Substreams

  • Name: Substreams
  • URL: https://docs.substreams.dev/
  • Category: Blockchain data extraction / streaming-first indexing / parallel data-transformation infrastructure
  • Summary: Substreams is a streaming-first transformation layer on top of Firehose. Rust/WASM modules, package reuse, parallel execution, and sink choice are the real story; this is where a lot of indexing power gets decided before anyone sees a clean query surface.
  • What it does:
    • Lets developers define Rust/WASM modules that extract, filter, aggregate, and transform blockchain data into reusable streams
    • Runs on top of StreamingFast Firehose, inheriting file-based block storage, cursor-based reorg handling, and high-throughput historical replay
    • Supports package-based reuse so downstream developers can compose existing Substreams packages instead of rebuilding transformations from raw chain data
    • Sends transformed outputs into external sinks such as PostgreSQL, MongoDB, Kafka, ClickHouse, BigQuery, files, and other consumers
    • Serves as a lower-layer data engine for high-performance indexing, especially where historical backfills and deterministic parallel processing matter
  • Key claims:
    • The official docs describe Substreams as a powerful indexing technology that can extract data from multiple chains, apply custom transformations, and send the results to destinations of the developer’s choice
    • The raw README says Substreams was developed for The Graph Network and achieves extremely high performance indexing through parallelization in a streaming-first architecture
    • Firehose overview docs say Firehose is a files-based, streaming-first blockchain data stack and explicitly position Substreams as the parallel transformation engine that works alongside it
    • Firehose docs also claim Substreams can reuse the same underlying block storage and data sources while adding custom Rust/WASM transformation logic and dozens of downstream data sinks
    • The Firehose overview positions the stack as a response to brittle or slow JSON-RPC extraction patterns, which makes Substreams especially useful as a comparison point when reasoning about where data-control power sits below classic hosted indexers
  • Whitepaper: No classic whitepaper or litepaper was found during this pass.
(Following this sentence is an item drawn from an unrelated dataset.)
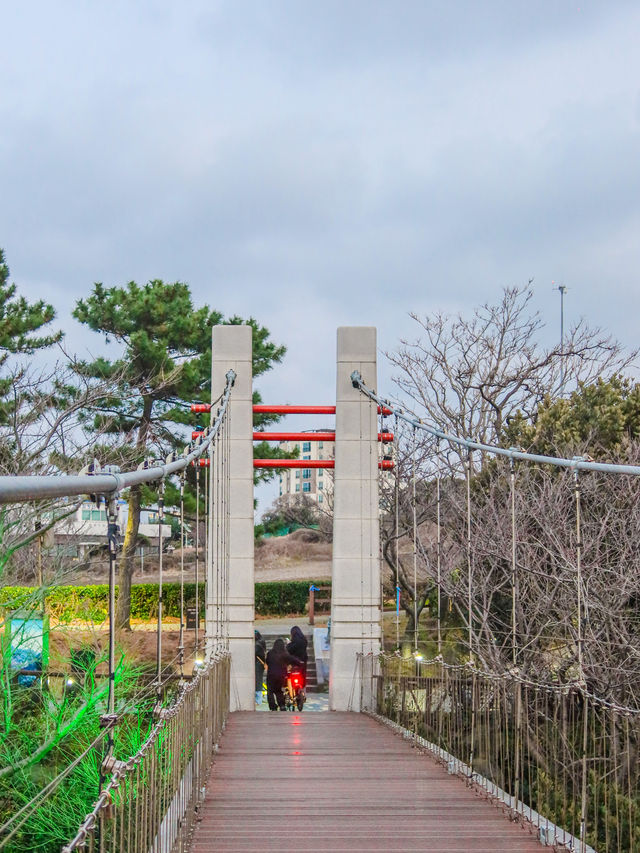 如何在濟州市區逛遊，請參照這份1日遊攻略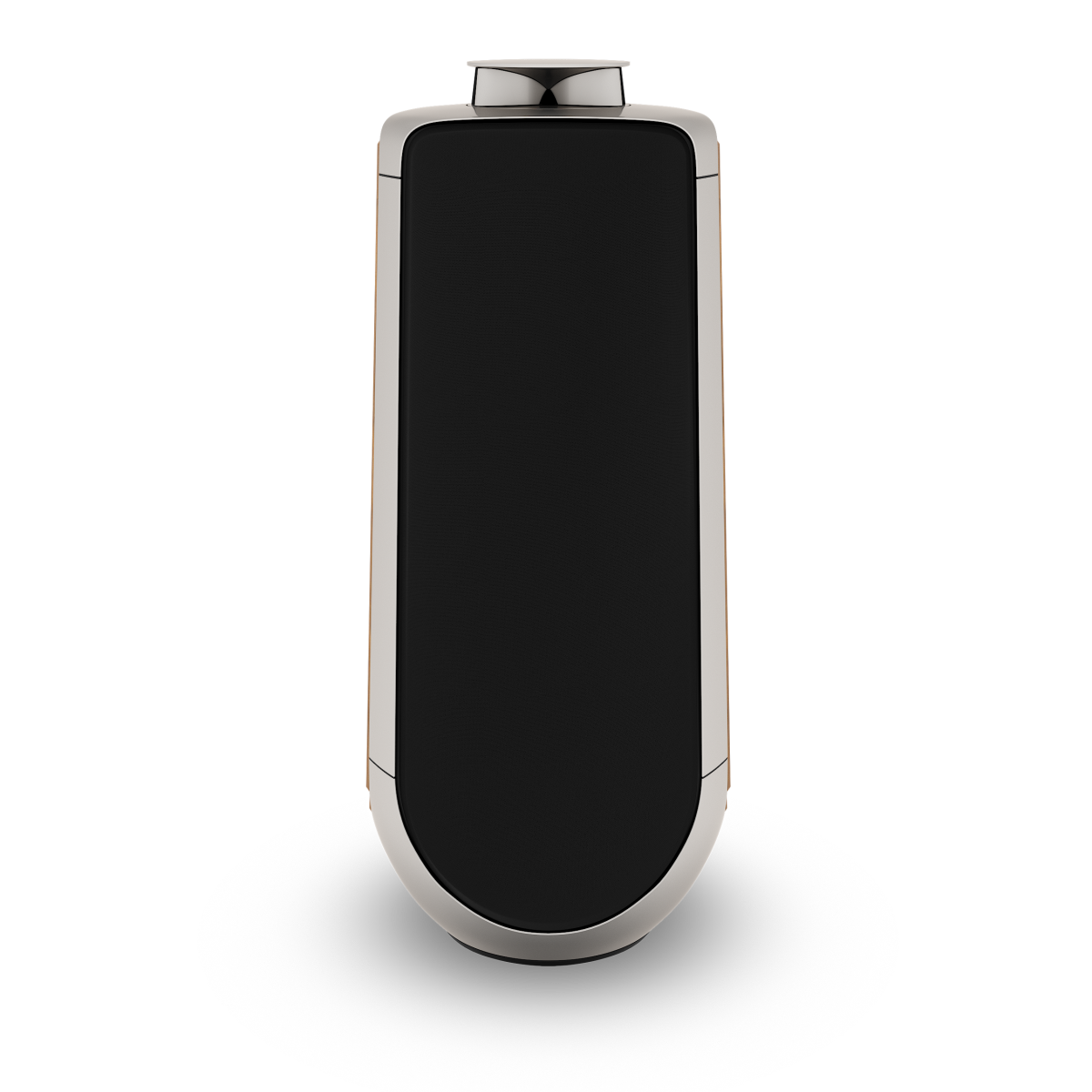 Bang & Olufsen BEOLAB 50 - Ảnh 18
The strongest primary materials were the official Substreams docs, StreamingFast Firehose docs, and the public GitHub repository; see ../whitepapers/substreams-primary-sources-2026-05-09.md.
  • Sources:

Internal linkages

  • Keep this note on the strongest adjacent reads: firehose, the-graph, and sqd.
  • Useful cut: Substreams matters because package authorship, module reuse, and sink choice decide a lot of the real power before anyone sees a polished query API.

Control surface

  • The leverage sits in module authorship, package reuse, Firehose dependency, replay behavior, and sink configuration.

  • That makes Substreams a transformation control plane, not a query market and not the chain itself.

  • Keep the comparison cut clean: this sits below The Graph and closer to the extraction-and-packaging layer shared with Firehose.

  • Last reviewed: 2026-05-31 UTC